KL : Je crois savoir que ton adhésion au réseau s’inscrit dans un projet particulier. Peux-tu nous en parler ?

AD : En effet, forte de mes expériences théâtrales passées, où je jouais tantôt le rôle amateur de dramaturge, de metteur en scène, d’animateur, de costumier, de maquilleur, de régisseur, de médiateur... et parfois tout ensemble, j’ai décidé d’approfondir et de valoriser ces compétences, en suivant une formation de scénographie. Si le dramaturge écrit la pièce, le scénographe la dessine; son rôle est de penser l’espace, le décor, les lumières, les costumes de la représentation.

Mon adhésion au réseau des professeurs indépendants, avec la souplesse qu’il apporte concernant l’organisation, devrait me permettre, à terme, de concilier mon métier d’enseignante, que j’aime et que je connais bien, et mes nouveaux projets.

 

KL : Dans quel cadre souhaites-tu pouvoir exploiter ces nouvelles compétences scénographiques ?

AD : Je n’ai pas encore d’idée très précise de la forme que cela prendra. Je suis en train d’étudier la question et je commence seulement à me confronter aux difficultés administratives, fiscales, juridiques que posent les changements de régime ou la coexistence de deux statuts différents. Dans l’idéal, j’aimerais devenir, à mi-temps, intermittente du spectacle et consacrer tout ce temps au théâtre, mais je peux aussi envisager, de façon plus large, de créer une affaire dans la décoration événementielle... Tout cela dépendra de la suite de ma formation et des rencontres que je pourrai faire.

 

KL : Depuis quand donnes-tu des cours particuliers ? Comment as-tu commencé cette activité ?
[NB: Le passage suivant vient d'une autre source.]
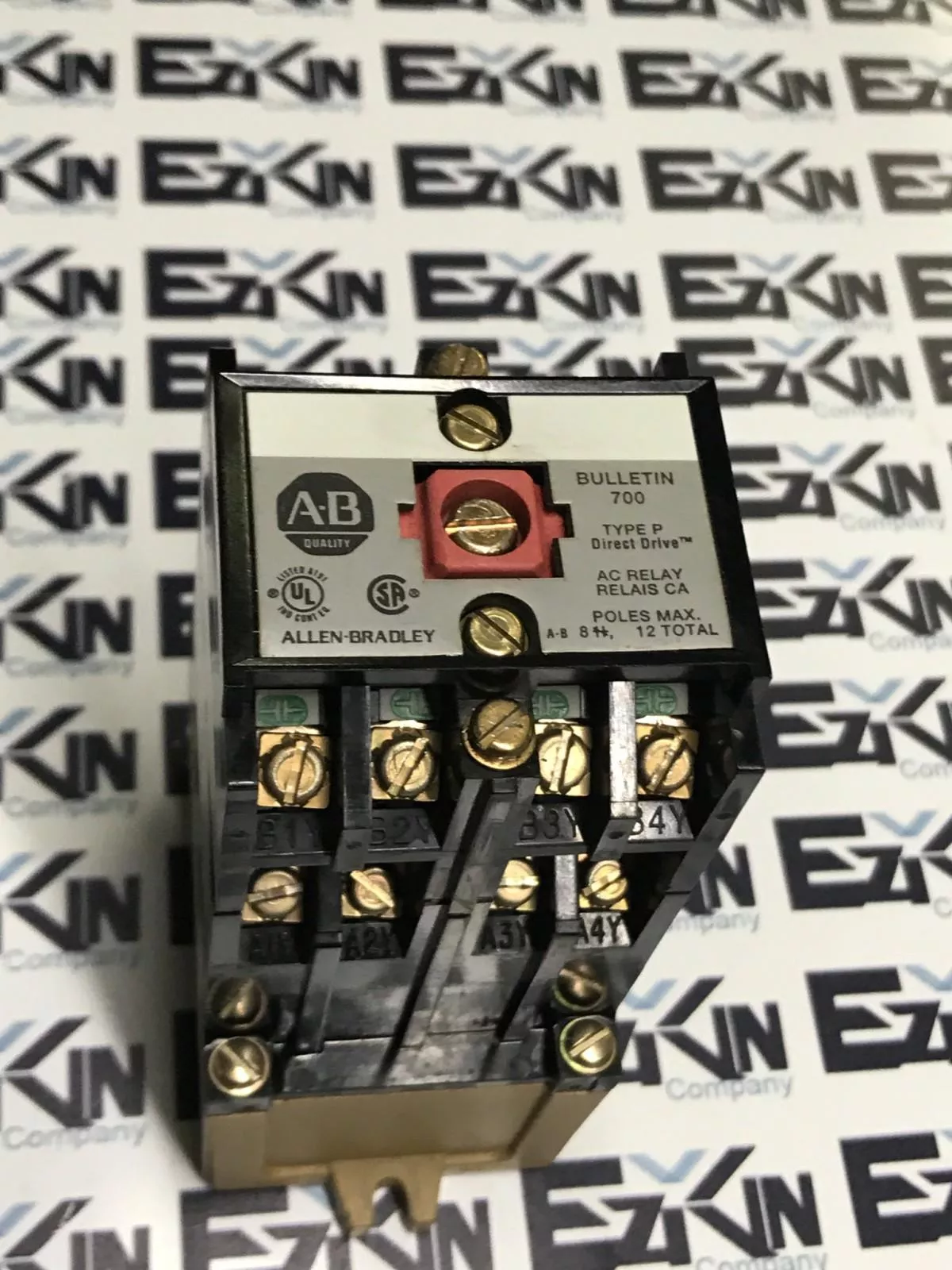 Allen-Bradley 700-P800A1 SER.B Direct Drive™ AC Relay 120V Coil 20A 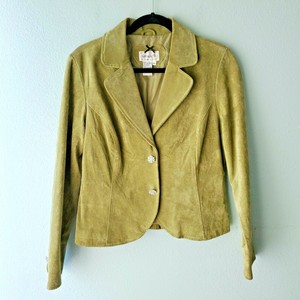 lime green suede jacket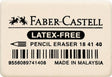 faber-castell white soft natural eraser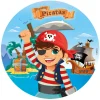 Papel de oblea Piratas Modelo B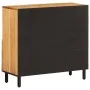 Massivholz-Nebenschrank aus Akazie, 80x33x75 cm. von , Sideboards - Ref: Foro24-356882, Preis: 162,67 €, Rabatt: %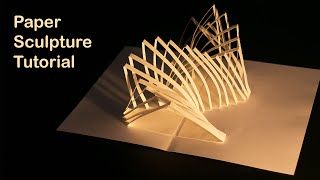 Paper Sculpture | Paper Kirigami Figures | Pop up Paper Sculpture tutorial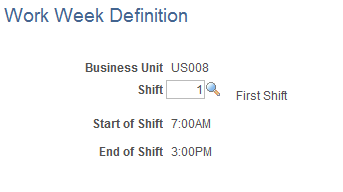 Work Week Definition page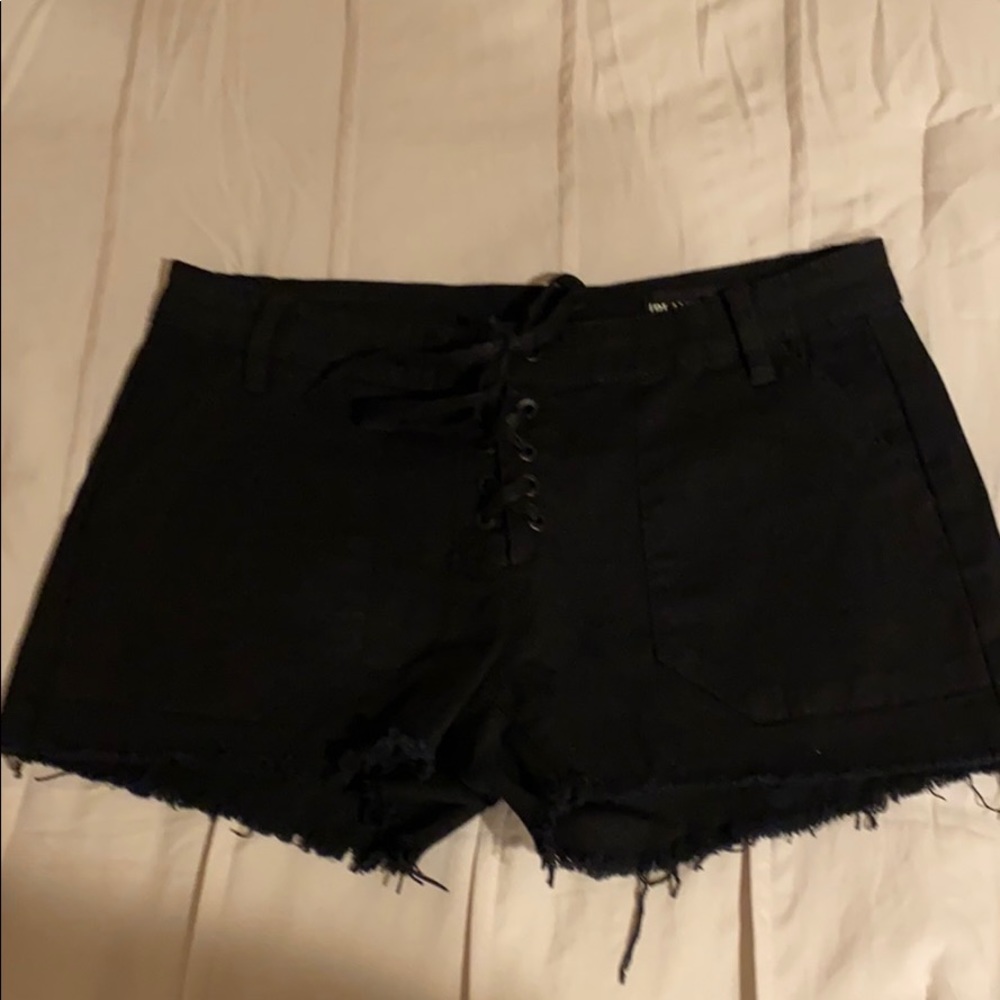 Blank NYC black cut off denim shorts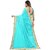 TexStile sarees womens Party wear Designer Sarees with Blouse Pieces(Sargam Cyan sari)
AD : J’ai commencé à donner des cours particuliers de façon très naturelle lorsque j’étais étudiante : cela me permettait de m’exercer à mon futur métier et de mettre un peu de « beurre dans les épinards ». J’ai rencontré des élèves très différents, du primaire au lycée et qui avaient tous grand besoin d’aide! Ma mission la plus facile, je l’ai effectuée en un mois, en fin d’année scolaire, avec un élève de seconde qui allait doubler son année et qui “détestait” le français et sa “prof” de français du lycée : en réalité, il n’avait simplement pas compris ce que l’on attendait de lui en cette année de transition qu’est la seconde. Après quelques éclaircissements, d’ordre méthodologique, il a pris son envol et a jugé, l’année d’après, la même prof beaucoup plus supportable... J’ai aussi rencontré des situations plus difficiles : deux frères traités pour une dyslexie lourde ou un élève de sixième qui devait revoir toutes les bases de la grammaire... A chaque cours, une rencontre, un questionnement, des surprises et, dans la plupart des cas, une solution !

 

KL : Combien de temps dédies-tu actuellement aux cours particuliers et envisages-tu cette activité comme pérenne ?
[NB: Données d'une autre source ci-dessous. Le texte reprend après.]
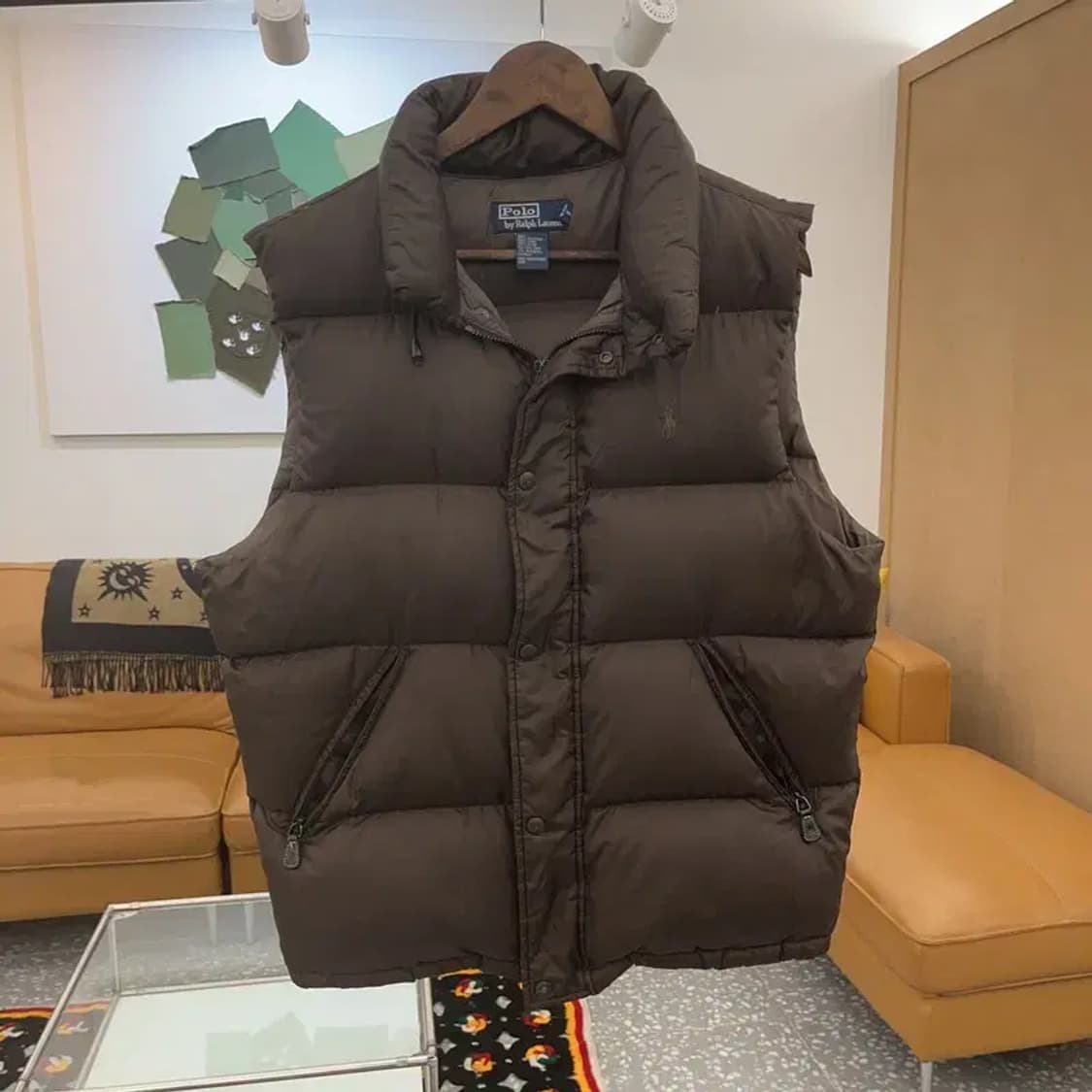 폴로 랄프로렌 빈티지 다운 패딩 조끼 M C07100 상품이미지3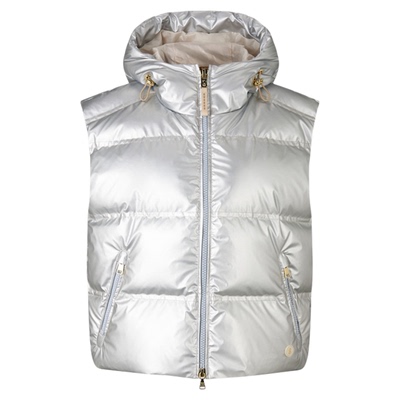 BOGNER博格纳 25秋冬新品LIVY1-D女士连帽亮面保暖羽绒背心马甲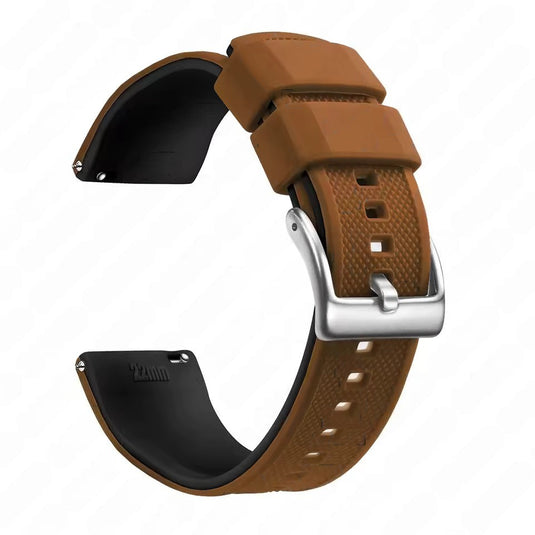 bracelet montre sport marron en silicone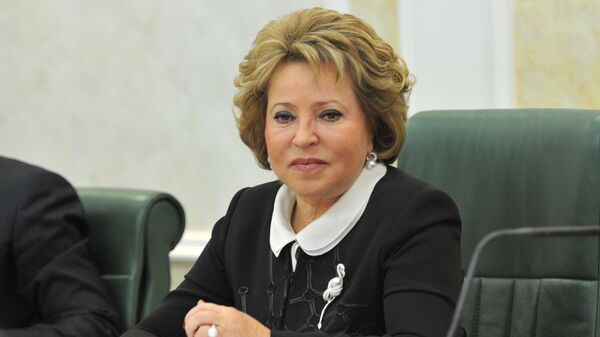Председатель Совета Федерации Валентина Матвиенко - 俄羅斯衛星通訊社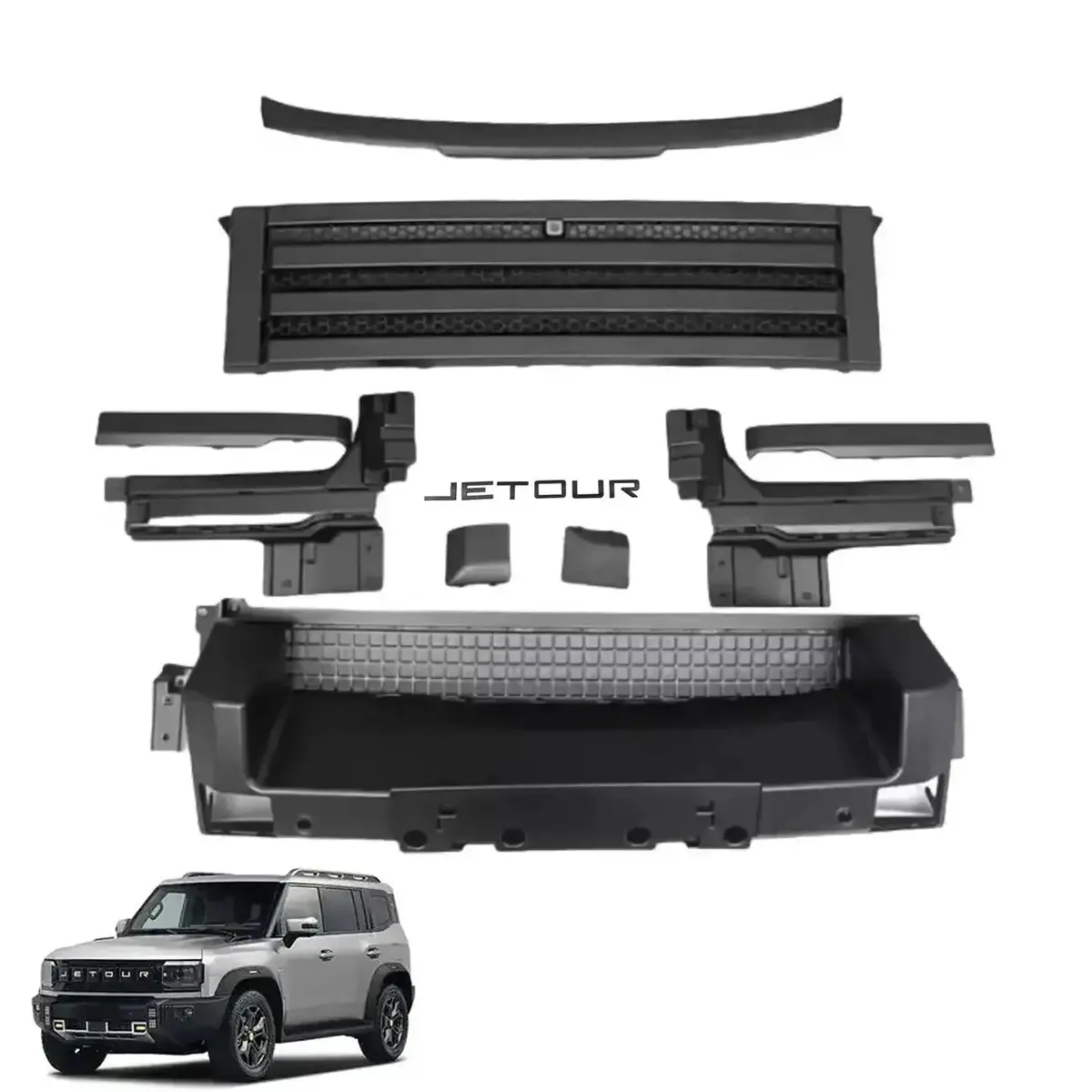 Jetour T2 (25-On) Black Warrior Style Upgrade Grille 1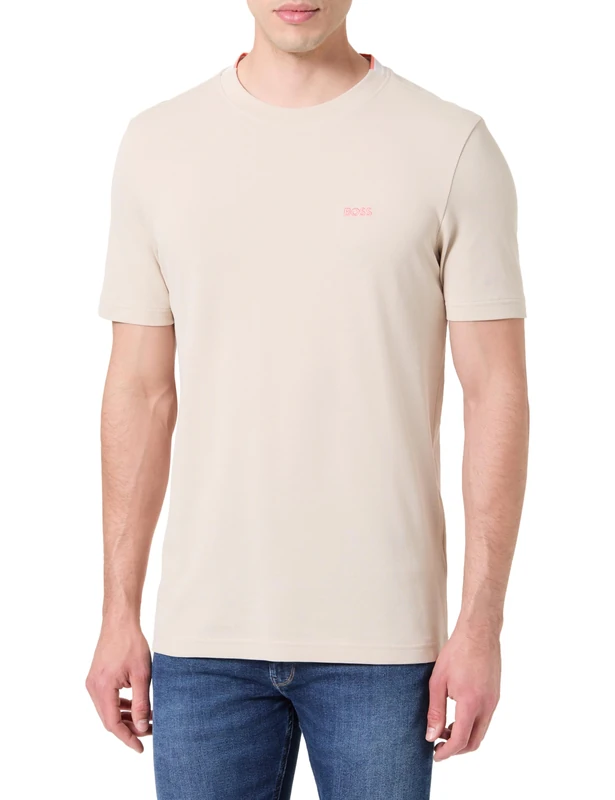 BOSS Men's Taddy 10266738 01 T_Shirt, Open Beige284, - Image 1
AD : Débutant dans le réseau, je n’ai pas encore d’élève en cours particulier. J’envisage cette année comme celle de la transition : encore au collège à temps partiel, je consacre aussi beaucoup de temps à ma formation ; mon ambition pour les mois à venir, au sein du réseau, est donc de commencer à développer mon activité en douceur, de prendre la mesure des nouvelles possibilités ainsi conquises, afin d’être en mesure de m’y consacrer à temps plein et durablement, à partir de la rentrée prochaine.

 

KL : Que t’apporte le réseau, pourquoi as-tu souhaité t’y inscrire ?
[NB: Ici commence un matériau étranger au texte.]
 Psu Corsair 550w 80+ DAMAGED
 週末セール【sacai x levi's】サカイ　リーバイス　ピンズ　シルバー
AD : Le réseau, avec son dispositif interne, son système de recrutement, sa volonté de moderniser les modalités du cours particulier est non seulement un garant de mon professionnalisme auprès des familles, mais aussi, pour moi, une source d’inspiration, de motivation à approfondir, varier et renouveler encore ma pratique professionnelle. Il me permet de rester affûtée. De plus, la dimension de réseau permet de travailler en équipe, d’avoir des échanges enrichissants avec des collègues, de se former les uns les autres en valorisant ses propres compétences. Adhérer au réseau m’a ainsi immédiatement semblé être une véritable opportunité d’évolution professionnelle, une de celles qu’on ne doit pas manquer.